Reich’s own diagrams in this book fascinate me. In a concerted attempt to combine Marxism with a freeing of the libido, he produced “sex economy” diagrams that had a great variety of forms from, but not limited to, dynamic trees (“Structure of the armor as a result of the inter-play of dynamic forces”), to a cross between stethoscopes and female reproductive organs (“Reactive work / Sex economic work”), bent pipes (“orgasm reflex / Arc de cercle”), single-cell creatures (“plasma currents on the ameba with expansion and contraction”), globes (“The basic function of the vegetative nervous system”) and spherical membranes (“surface tension / internal pressure”). Several tonnes-worth of The Function of the Orgasm were burned by the US Food and Drug Administration in 1956 and, soon after, Reich was imprisoned for two years for contempt of an injunction to stop him selling orgone accumulators. These were cupboard-like structures of his own invention within which people could access a primordial cosmic energy that he called orgone, but that, he said, some other people call God. He died in jail of a heart attack one year into his sentence.

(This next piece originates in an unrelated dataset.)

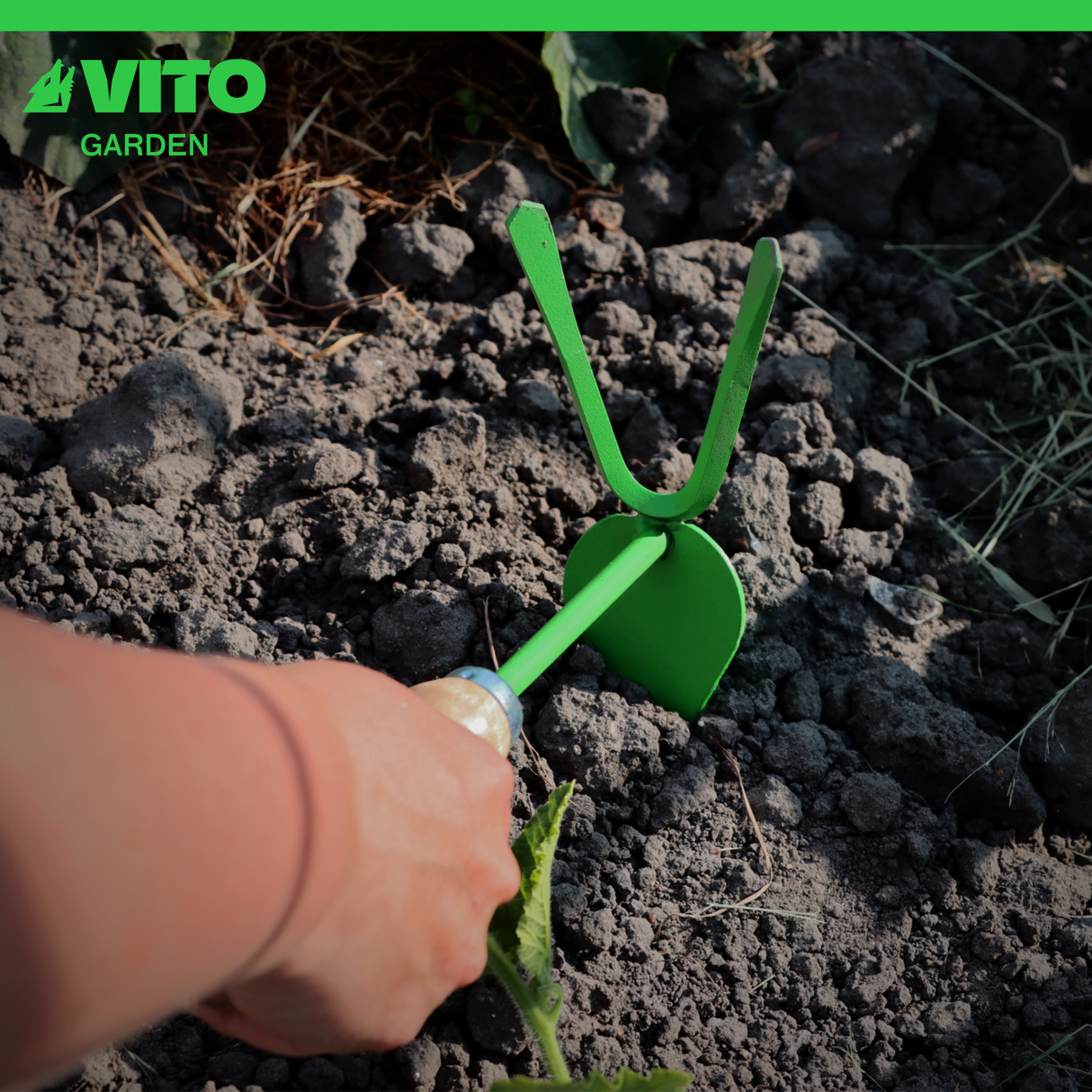 VITO Vintage Kleinhäckchen Herzform, Gartenhäckchen 2-zinkig, Hacke, Gartenhacke, Doppelhacke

So I am back, in my mind, at WINZ, and marvelling at the bind of desiring to avoid work to protect “time of life” (as Antoni Negri put it in Time for Revolution) in the interests of establishing some sort of basic sanity, but losing resources and comfort at an alarming rate as soon as one even starts to think about not being socially cohesive. No wonder many practices start to resemble the paranoid survivalist activities – urgent in production values and intellectual finish – of those avoiding libido-deleting work in the service of something creepy that may have something to do with fluorescent lighting.

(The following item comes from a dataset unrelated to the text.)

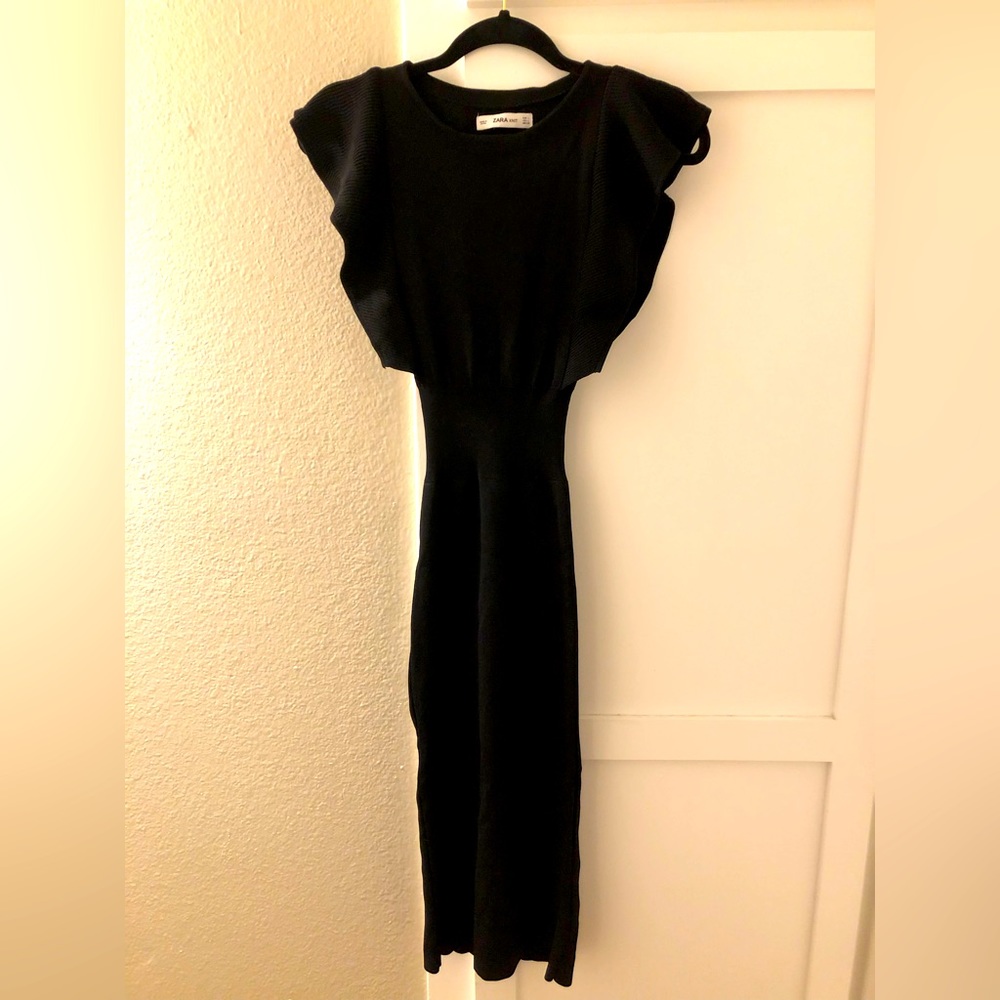 Zara Black Flounce Sleeve Bodycon Midi Dress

The specialty store I now work in part-time-casually is called FantaZZZy-land and caters to a particular subculture of people who have comingled cos-play with their sex lives; that is, they like to dress in costumes (from fiction, science fiction, fantasy, and the natural world) and go about coupling (or grouping) this way, revising archetypes in practice as they go and see fit. I think that people find in these practices relief from the personal, from the repetitive – although many like a certain sameness because of favourite cues – and from themselves and their long-term partners, not just to endure, but to transform (with gestural, yet reproachable, uncertain acts of self-kindness) what could be considered the condition of a trial. This could include, but would not be limited to monogamy, family life, employment, knowledge economies, ugliness, failure, humanity and urban planning in its myriad registers.

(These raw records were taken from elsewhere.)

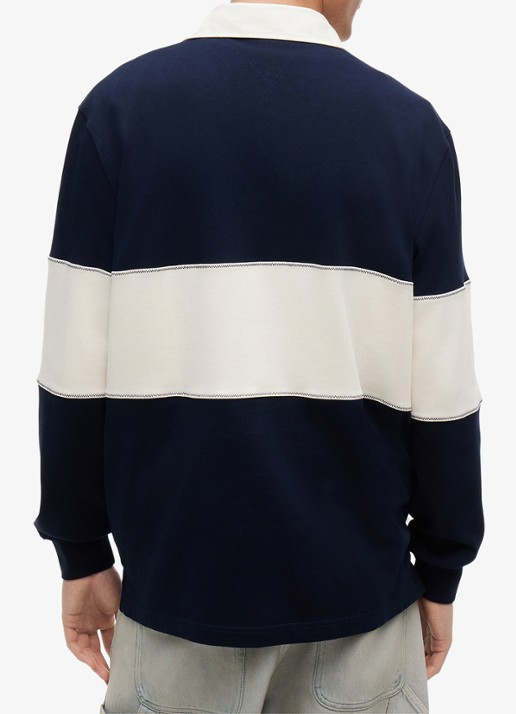 Tommy Hilfiger Regular fit polo met logo - achterkant 3 dark night navy-c1g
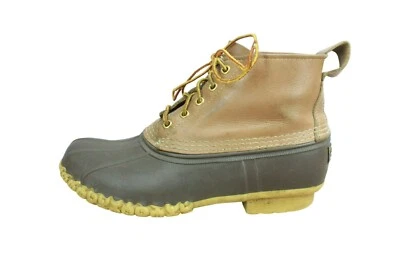LL Bean Para Hombre Cuero Marrón Con Cordones Sin Forro Botines Pato Botas Talla 9 M Foto 1 de 4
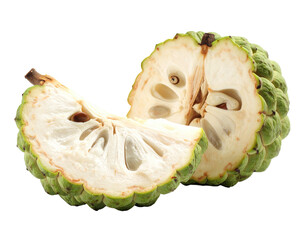 Two halves of a cut cherimoya fruit, displaying its creamy white flesh and visible seeds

There has, since I started here, been a slow economic downturn meaning that there are a lot of empty shops, a depressed housing market, and a strange, in a sense squalid acceptance of mistreatment. Things run down and meanwhile the process of gentrification carries on, unrelenting, unhindered, in streets clustered nervously around decile 10 schools (schools are graded 1-10 depending on the average income of the parents in the feeder-neighbourhoods), where the children are trained to know how much each of the other children’s parents earn. Their architecture is stark and minimal, with expensive but eroding lighting systems that encourage forensic investigation of the skin. They keep away from us, repulsed, in tall, bulky vehicles, and we keep away from them.

The spaces I am drawn to are musty, un-aired from disuse and utterly unrenovated, because these are indicators that this space is off the radar. There is dust, leaves have blown in under doors and grime coats both sides of windows. There is dark wood veneer, chipped Formica, broken furniture, bare shelving, redundant lighting, dead insects and dried pools of condensation on windowsills, their paint lifting. Notes may be still affixed to vertical surfaces, birds may have worked out how to get in and vines may have sent in rays from the outside. The system wants to reinforce precariousness, the various recent economic failures increasingly appear to be manufactured in order to complete the transfer of wealth from the working classes and into the managerial elite. The best way to make money from gambling is to own the casino – all the better that risk can be transformed into fear which can be leveraged to produce more concessions. In my experience things tend to break down or run on bad energy. Money has a gravitational attraction to itself; it will always filter up. Neo-liberalism empties things out. The temptation is to reconstitute real estate as permanent, worn-out junk storage.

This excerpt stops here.